Provided entries
○ ○ ○ ○ ○
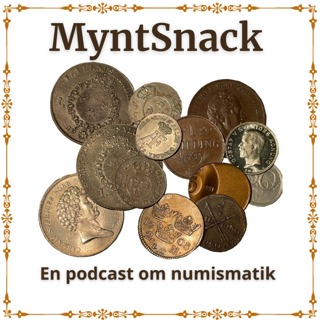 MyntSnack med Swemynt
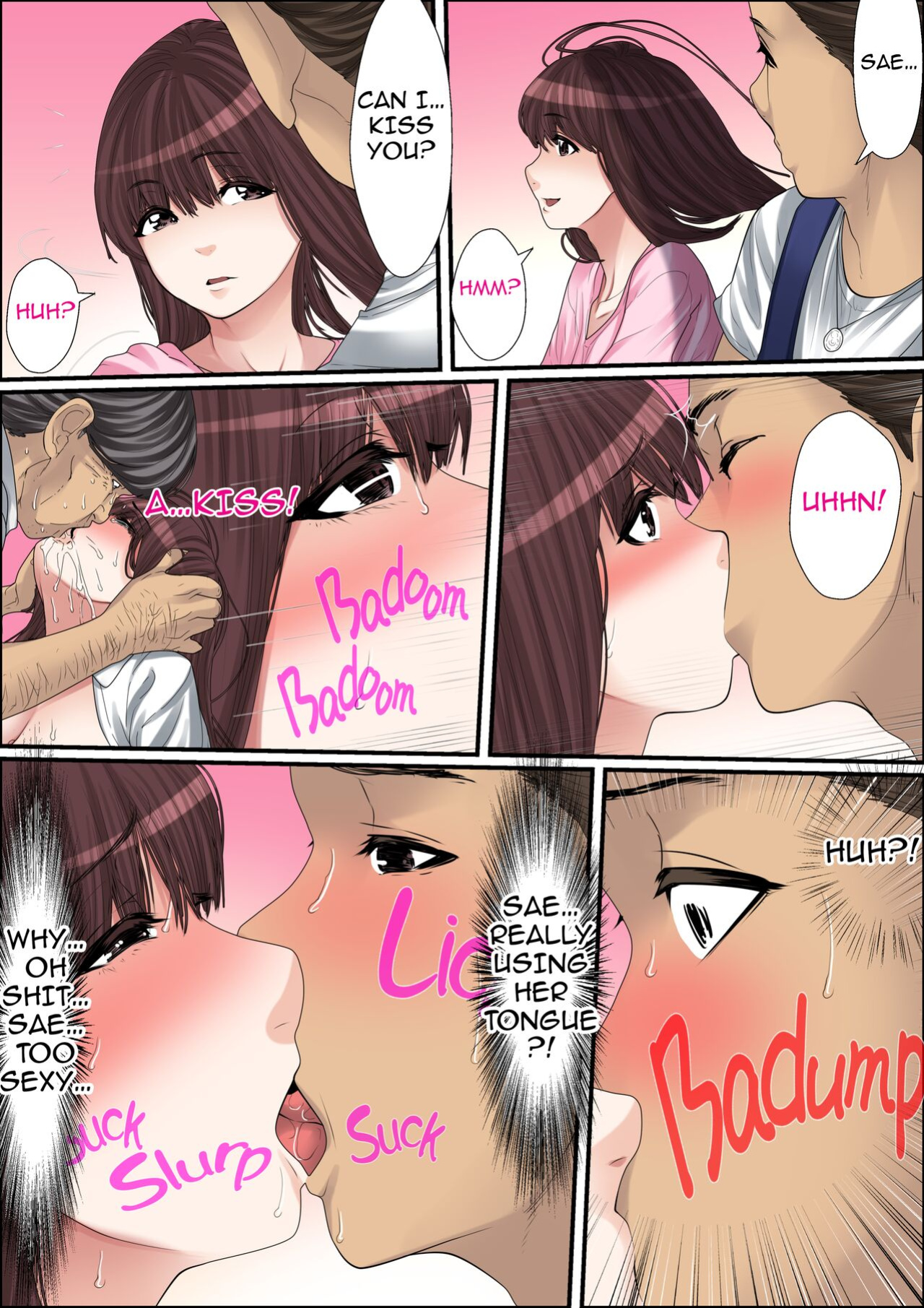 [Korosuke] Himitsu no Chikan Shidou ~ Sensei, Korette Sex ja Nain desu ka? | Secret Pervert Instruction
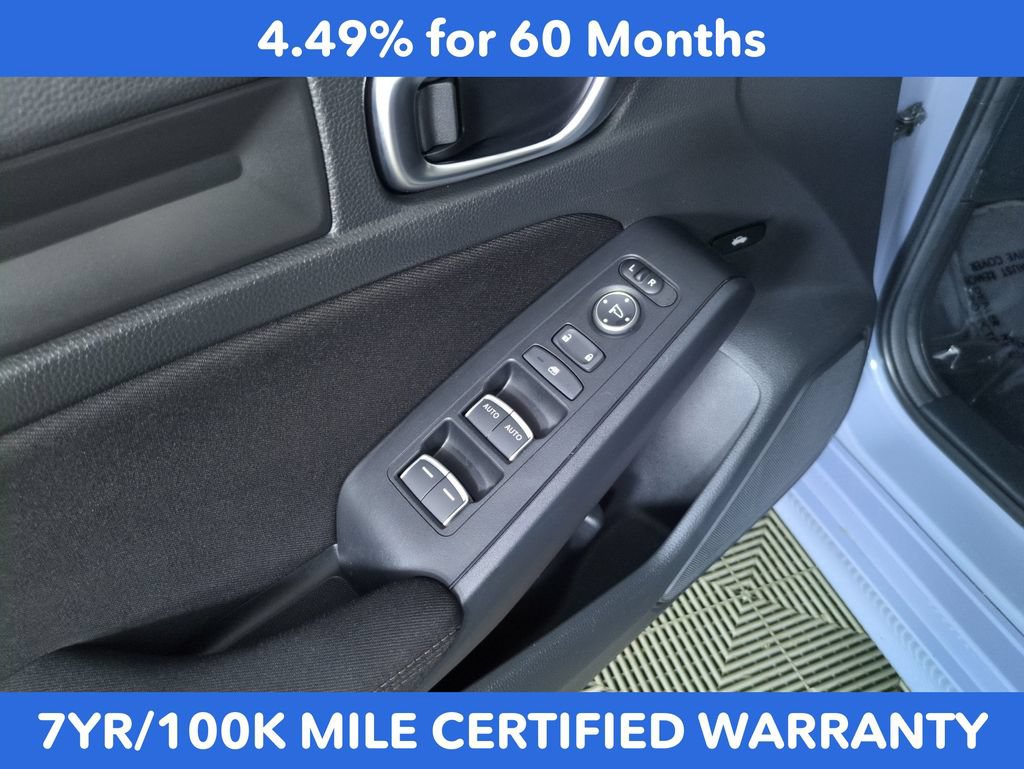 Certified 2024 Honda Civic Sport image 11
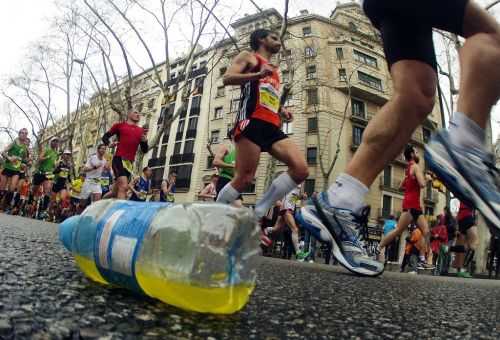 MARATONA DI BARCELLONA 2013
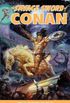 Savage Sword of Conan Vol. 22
○ ○ ○ ○ ○
The answer is the whole listing above, written out verbatim, without its pictures.

 MyntSnack med Swemynt
 [Korosuke] Himitsu no Chikan Shidou ~ Sensei, Korette Sex ja Nain desu ka? | Secret Pervert Instruction
 Certified 2024 Honda Civic Sport image 11
 MARATONA DI BARCELLONA 2013
 Savage Sword of Conan Vol. 22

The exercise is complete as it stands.